Five Communities: Winston-Salem’s Community Innovation Lab
For the upcoming ReCONNECT to Community forum, Nov. 27 in Asheville, the Institute for Emerging Issues has chosen five community initiatives throughout North Carolina that will share with our forum audience how they’re working to increase civic engagement in their communities. Here, we profile Winston-Salem’s Community Innovation Lab, an offshoot of the Thomas S. Kenan Institute for the Arts, which engages artists and artistic thought in thinking about about some of society’s biggest civic problems.
Some people might not equate the arts with civic engagement, but in Nadiyah Quander’s mind the two are directly related.
Both disciplines require copious amounts of creative thought, which is why artists should be included in thinking about solutions for communities’ biggest problems.
That was the thought process behind the Community Innovation Lab, an offshoot of Winston-Salem’s Thomas S. Kenan Institute for the Arts, which uses artistic expressions in things like workshops and creative displays to spark discussion about some of society’s biggest issues, such as racism, inclusion and civic planning.
In Fall 2015, the Kenan Institute for the Arts, in partnership with The Winston-Salem Foundation and the Arts Council of Winston-Salem and Forsyth County, convened the first Community Innovation Lab in the nation. The Lab brought together a coalition of 40 city officials, business and faith leaders, artists, academics, low-wage workers and others, who sought to address formidable local disparities using a change process deeply informed by artists and artistic practices.
“Art encourages curiosity.
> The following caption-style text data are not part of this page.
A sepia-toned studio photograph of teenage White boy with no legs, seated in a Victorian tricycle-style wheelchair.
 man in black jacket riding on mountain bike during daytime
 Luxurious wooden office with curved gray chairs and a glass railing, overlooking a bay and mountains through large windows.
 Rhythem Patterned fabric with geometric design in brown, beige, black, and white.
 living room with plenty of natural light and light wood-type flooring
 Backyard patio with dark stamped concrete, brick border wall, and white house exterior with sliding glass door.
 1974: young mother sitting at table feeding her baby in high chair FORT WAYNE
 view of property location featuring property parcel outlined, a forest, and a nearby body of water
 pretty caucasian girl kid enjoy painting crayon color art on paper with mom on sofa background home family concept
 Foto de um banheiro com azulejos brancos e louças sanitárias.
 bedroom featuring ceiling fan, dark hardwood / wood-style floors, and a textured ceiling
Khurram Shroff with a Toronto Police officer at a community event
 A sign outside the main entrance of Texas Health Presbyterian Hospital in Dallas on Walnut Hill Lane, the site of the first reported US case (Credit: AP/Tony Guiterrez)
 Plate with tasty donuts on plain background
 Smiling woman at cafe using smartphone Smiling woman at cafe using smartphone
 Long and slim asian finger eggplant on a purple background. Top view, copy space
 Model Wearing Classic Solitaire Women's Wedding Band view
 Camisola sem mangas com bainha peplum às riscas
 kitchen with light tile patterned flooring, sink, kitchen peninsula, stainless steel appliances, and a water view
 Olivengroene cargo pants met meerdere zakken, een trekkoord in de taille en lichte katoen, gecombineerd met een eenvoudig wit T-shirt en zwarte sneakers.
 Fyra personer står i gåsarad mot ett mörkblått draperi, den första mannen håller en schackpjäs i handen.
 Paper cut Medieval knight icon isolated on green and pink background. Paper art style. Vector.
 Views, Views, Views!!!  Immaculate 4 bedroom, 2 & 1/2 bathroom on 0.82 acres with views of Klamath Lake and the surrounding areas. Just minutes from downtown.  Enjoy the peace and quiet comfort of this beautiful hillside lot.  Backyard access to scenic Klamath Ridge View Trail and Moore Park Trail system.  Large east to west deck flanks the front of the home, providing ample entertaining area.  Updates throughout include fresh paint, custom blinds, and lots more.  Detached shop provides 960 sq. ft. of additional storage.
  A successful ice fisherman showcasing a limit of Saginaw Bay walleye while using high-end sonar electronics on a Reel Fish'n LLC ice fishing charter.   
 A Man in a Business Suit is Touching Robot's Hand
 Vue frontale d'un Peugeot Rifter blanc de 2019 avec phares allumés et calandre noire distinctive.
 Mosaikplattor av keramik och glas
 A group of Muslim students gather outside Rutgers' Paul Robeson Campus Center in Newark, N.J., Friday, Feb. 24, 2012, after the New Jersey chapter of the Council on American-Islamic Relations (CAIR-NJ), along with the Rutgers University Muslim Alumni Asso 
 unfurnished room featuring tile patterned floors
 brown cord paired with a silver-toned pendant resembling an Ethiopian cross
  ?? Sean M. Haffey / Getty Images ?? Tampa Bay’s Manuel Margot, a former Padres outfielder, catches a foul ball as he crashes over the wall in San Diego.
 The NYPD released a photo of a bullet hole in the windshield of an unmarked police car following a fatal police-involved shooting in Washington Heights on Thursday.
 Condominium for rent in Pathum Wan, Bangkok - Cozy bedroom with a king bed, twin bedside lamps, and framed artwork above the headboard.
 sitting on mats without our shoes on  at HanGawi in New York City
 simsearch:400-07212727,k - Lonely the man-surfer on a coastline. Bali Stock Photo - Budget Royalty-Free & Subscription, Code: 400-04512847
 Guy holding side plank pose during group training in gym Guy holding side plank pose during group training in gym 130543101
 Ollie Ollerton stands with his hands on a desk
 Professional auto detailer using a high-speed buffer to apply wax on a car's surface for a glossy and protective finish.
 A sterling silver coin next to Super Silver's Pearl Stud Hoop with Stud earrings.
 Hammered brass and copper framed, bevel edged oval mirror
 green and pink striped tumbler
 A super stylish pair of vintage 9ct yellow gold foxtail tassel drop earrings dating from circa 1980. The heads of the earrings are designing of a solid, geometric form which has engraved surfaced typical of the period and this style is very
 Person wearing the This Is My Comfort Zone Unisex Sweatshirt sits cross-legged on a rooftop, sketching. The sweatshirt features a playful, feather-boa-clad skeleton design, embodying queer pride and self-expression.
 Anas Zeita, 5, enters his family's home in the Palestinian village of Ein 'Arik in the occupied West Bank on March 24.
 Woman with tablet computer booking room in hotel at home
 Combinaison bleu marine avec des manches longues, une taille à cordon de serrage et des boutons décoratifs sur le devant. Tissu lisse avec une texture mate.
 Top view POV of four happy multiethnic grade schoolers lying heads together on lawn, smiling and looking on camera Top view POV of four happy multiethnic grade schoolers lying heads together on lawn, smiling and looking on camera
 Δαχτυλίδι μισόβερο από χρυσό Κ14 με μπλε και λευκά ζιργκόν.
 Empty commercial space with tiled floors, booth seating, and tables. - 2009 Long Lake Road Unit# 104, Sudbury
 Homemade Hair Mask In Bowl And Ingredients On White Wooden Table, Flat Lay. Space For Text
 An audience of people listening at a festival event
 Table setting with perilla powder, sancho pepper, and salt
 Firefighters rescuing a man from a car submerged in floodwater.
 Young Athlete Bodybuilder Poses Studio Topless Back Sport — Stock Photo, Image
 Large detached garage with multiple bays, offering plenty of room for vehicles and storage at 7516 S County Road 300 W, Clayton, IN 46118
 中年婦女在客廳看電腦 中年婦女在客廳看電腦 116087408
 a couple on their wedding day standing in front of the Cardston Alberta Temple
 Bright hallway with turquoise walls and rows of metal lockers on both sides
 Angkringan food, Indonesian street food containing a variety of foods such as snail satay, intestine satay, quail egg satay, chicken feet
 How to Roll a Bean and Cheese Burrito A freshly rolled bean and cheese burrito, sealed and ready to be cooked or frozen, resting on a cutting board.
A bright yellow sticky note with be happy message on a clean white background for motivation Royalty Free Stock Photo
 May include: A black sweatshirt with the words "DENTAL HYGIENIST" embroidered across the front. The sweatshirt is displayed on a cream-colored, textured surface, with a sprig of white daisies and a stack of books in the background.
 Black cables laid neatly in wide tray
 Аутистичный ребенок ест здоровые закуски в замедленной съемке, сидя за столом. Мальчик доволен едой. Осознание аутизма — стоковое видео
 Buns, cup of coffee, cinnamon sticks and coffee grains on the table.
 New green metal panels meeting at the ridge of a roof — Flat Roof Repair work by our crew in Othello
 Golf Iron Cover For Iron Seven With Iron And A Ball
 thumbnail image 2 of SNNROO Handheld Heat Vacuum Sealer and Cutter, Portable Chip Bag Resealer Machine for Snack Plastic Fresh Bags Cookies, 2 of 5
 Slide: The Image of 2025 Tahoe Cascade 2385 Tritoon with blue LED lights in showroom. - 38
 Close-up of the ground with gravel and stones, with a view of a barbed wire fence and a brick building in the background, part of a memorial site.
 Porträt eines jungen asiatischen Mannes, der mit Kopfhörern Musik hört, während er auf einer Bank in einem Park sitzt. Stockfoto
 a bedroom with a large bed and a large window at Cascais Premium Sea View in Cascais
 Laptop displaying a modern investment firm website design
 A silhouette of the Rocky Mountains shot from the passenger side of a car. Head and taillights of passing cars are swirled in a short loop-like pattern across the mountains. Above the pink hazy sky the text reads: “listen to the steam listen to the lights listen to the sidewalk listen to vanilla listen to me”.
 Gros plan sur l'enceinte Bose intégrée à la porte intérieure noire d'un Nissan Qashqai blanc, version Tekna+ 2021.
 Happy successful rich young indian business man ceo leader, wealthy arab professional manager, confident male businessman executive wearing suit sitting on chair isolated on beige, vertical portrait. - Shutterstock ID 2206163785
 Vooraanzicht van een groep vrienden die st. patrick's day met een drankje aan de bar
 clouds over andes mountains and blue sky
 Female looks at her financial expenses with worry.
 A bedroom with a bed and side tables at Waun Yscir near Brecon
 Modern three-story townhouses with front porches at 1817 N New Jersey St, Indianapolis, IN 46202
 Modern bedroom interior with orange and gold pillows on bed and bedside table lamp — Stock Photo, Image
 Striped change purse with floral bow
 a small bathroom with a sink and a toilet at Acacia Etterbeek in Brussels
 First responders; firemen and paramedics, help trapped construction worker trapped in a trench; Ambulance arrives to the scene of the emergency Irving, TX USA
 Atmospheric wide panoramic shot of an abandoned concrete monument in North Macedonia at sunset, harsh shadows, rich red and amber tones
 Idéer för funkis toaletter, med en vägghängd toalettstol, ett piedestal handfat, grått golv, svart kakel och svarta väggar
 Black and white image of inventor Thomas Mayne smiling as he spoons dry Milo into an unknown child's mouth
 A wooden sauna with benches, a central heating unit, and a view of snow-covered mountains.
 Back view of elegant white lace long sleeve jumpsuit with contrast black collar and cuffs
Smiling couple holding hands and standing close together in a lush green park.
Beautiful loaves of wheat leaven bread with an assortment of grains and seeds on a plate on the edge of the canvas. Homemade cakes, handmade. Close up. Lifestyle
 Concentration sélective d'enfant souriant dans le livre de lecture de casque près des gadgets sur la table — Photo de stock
It feels like a safe entry point to people for difficult issues,” said Nadiyah Quander, Creative Community Lab and Project Manager at the Kenan Institute. She said that the Community Innovation Lab was especially good at using arts to create great inclusion in the civic process and “bringing together folks who have traditionally been disadvantaged from civic planning.”
Quander mentioned one such project of the Community Innovation Lab—the creation of a People’s Gallery in Winston-Salem’s Delta Arts Center which exhibited works pertaining to African-American history. The Arts Center sits in a predominately African-American part of the city and the People’s Gallery really got “people interested in that community,” Quander said.
Rebecca Byer, executive director at the Olio, a nonprofit glassblowing studio, was a participant for two years in the Community Innovation Lab, centering much of her work around community empowerment of women, but she believes that the arts help people think more clearly and longterm about many of society’s ills.
“The arts are uniquely qualified to help people think about social problems. When you have creative thinkers you have free thinkers who question authority,” Byer said.
Forsyth County Manager Dudley Watts agrees. He has taken part in several Community Innovation Lab workshops centering around such topics as entrepreneurship and economic development. He said that the Community Innovation Lab is a great fit for Winston-Salem because the community is already very artistic and that anything that helps the community aids in the government’s main role of serving the community.
“Artists kind of study the human condition, and at the end of the day government is there to improve the human condition—it’s a good fit,” Watts said.